Happy Crane, the brick-and-mortar venture from former Benu chef James Yeun Leong Parry, has just announced an opening date of August 8, at 451 Gough Street. Parry, who previously served as chef de cuisine at Palette Tea House and worked in Michelin-starred kitchens in Hong Kong, was born in England but raised in Hong Kong, and previously wowed in-the-know diners with his Happy Crane pop-up. And we first learned about the move to Hayes Valley back in January.

The move to the Gough Street space is something of a passing of the torch for Benu and Monsieur Benjamin chef-owner Corey Lee, who helped to mentor Parry. Monsieur Benjamin closed its doors last summer after 10 years in the space.

As the Chronicle reports today, the open kitchen now features a prominent wok station that will be visible from the dining room, and Parry has installed a high heat "duck oven" for roasting whole Peking duck.

Happy Crane will offer both an a la carte menu and a $120 chef's tasting menu, showcasing Parry's unique twists on dim sum and other Cantonese cuisine. Dim sum, which is associated with Hong Kong, where Parry grew up, originated in nearby Guangzhou, and is itself a somewhat modern (comparatively) subset of Chinese cuisine, having originated in tea rooms on the Silk Road in the late 19th Century.

An open-topped Dungeness crab dumpling with caviar at the Happy Crane pop-up, via Instagram

Parry's brings his own background and creativity to the cuisine, using traditional dim sum formats like dumplings, rolls, and buns as canvases for new flavor combinations. The Chronicle has word of a rice roll featuring Dungeness crab, noodle sheets made from fresh-milled rice, and a sauce made with crab shells, butter, and shaoxing wine. Fish-stuffed eggplant comes topped with uni and, in a nod to Parry's birthplace, Worcestshire sauce.

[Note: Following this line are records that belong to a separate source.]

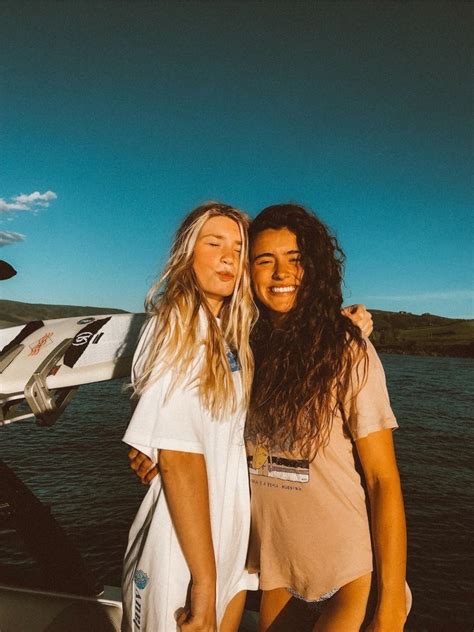 A friend is someone who is happy to spend time with you doing absolutely nothing at all; 𝚙𝚒𝚗𝚝𝚎𝚛𝚎𝚜𝚝: 𝚊𝚗𝚗𝚊𝚐𝚛𝚊𝚌𝚎𝚎𝚗𝚍𝚛𝚎𝚜 in 2020 | Best friend pictures ...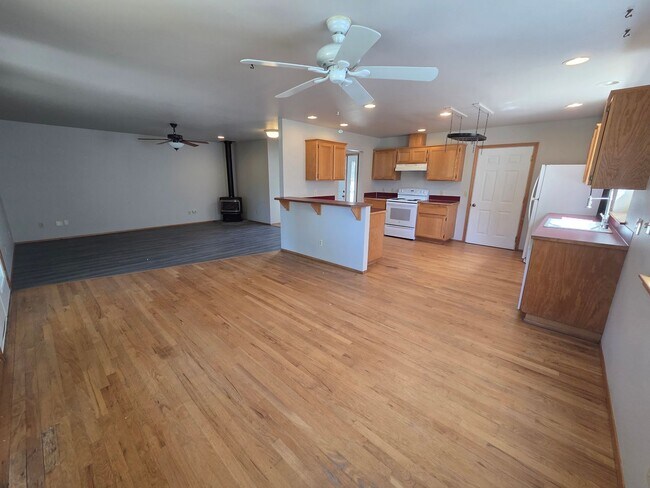 Building Photo - Port Ludlow Farmhouse for Rent, Freshly Updated and Available Now!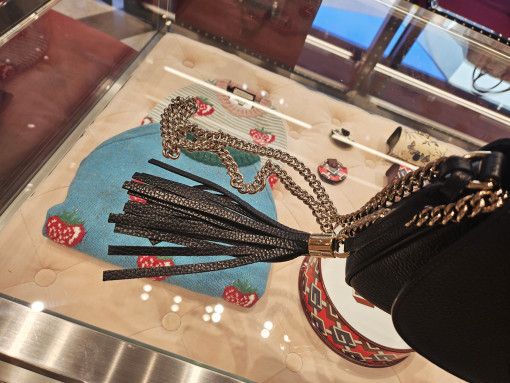 グッチ ソーホー タッセル チェイン クロスバッグ Soho Tassel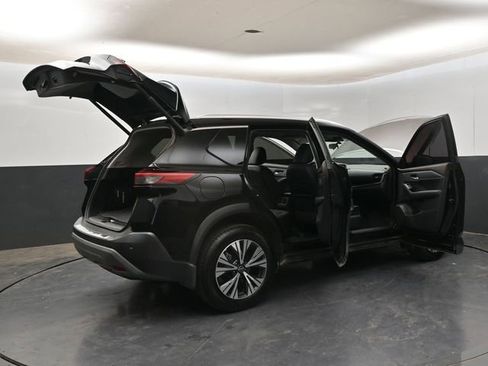 Used 2023 Nissan Rogue SV w/ SV Premium Package AWD/4WD image 28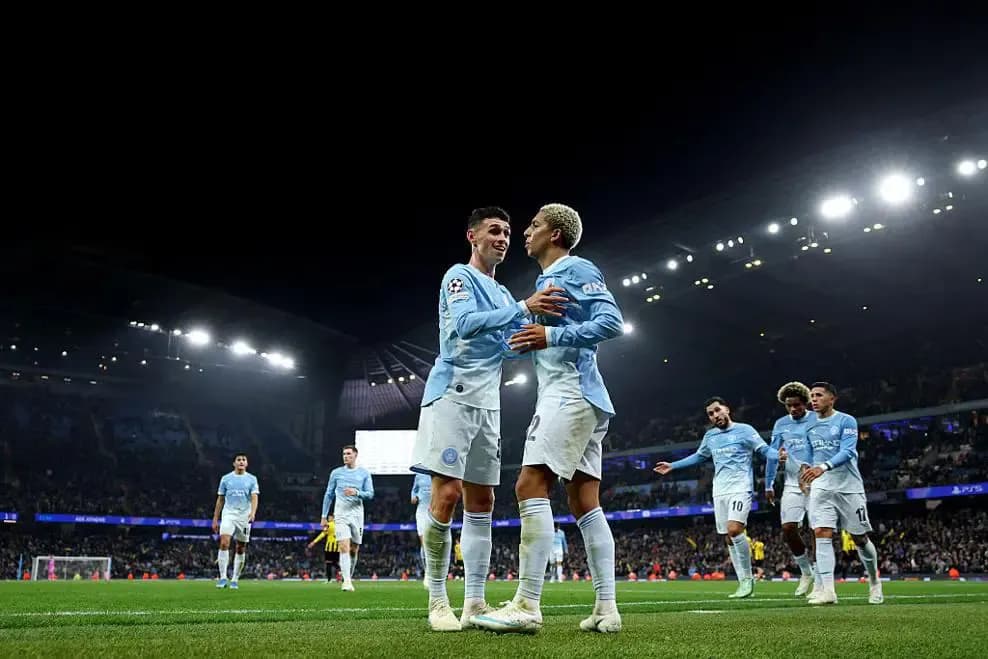 Man City në epërsi , mbyllet pjesa e parë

Parry also plans to feature a once-popular dish in Hong Kong that has been going extinct, the gold coin, which is a skewer of stacked pork fat and chicken liver.

The shrimp spring roll, via Instagram

A favorite grilled meat dish from the pop-up, pork jowl char siu topped with ginger-pressed green apple, will be featured on the opening menu. In addition to Peking-style duck, there will be roasted quail, Cantonese-style, with a similarly lacquered skin.

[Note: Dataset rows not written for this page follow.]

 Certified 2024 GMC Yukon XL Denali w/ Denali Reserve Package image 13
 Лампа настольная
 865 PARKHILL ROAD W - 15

"A lot of my inspiration comes from humble ingredients or humble dishes and those techniques, I feel, are dying," Parry tells the Chronicle. And when it comes to updating traditional dishes, the chef has previously opined, "Modern doesn’t need to be fusion."

Earlier pop-up menus have featured dishes like a shrimp and shiso spring roll dusted with crispy rice, and maitake mushroom "biang biang" with Silk Road spices, and those dishes seem likely to return as well.

Parry's pop-up was first highlighted in a Chronicle feature in the fall of 2023 that looked at the emerging trend of modern, more delicate Cantonese cuisine at restaurants like Empress by Boon and popups like Happy Crane and Four Kings — which at that point had not yet debuted its brick-and-mortar spot in Chinatown.

And while Four Kings has enjoyed wait lists and daily lines since opening, the kitchen where its chefs, Mike Long and Franky Ho, previously worked, Mister Jiu's, remains the beacon of modern Chinese cooking in Chinatown, being the United States' first and only Chinese restaurant to earn a Michelin star in 2016.

Thus the pressure — and the buzz — is on for the opening of Happy Crane, which seems poised to draw some similar attention.

The prominent central bar in the Gough Street space will feature cocktails developed by Kevin Diedrich of Pacific Cocktail Haven, and will be led by bar manager Carolyn Kao (previously of True Laurel, Good Good Culture Club, and Oakland's Viridian). And Justin Chin, previously of Ju-Ni and Gary Danko, will serve as general manager and sommelier.

The reservation books for Happy Crane are now open, beginning August 8.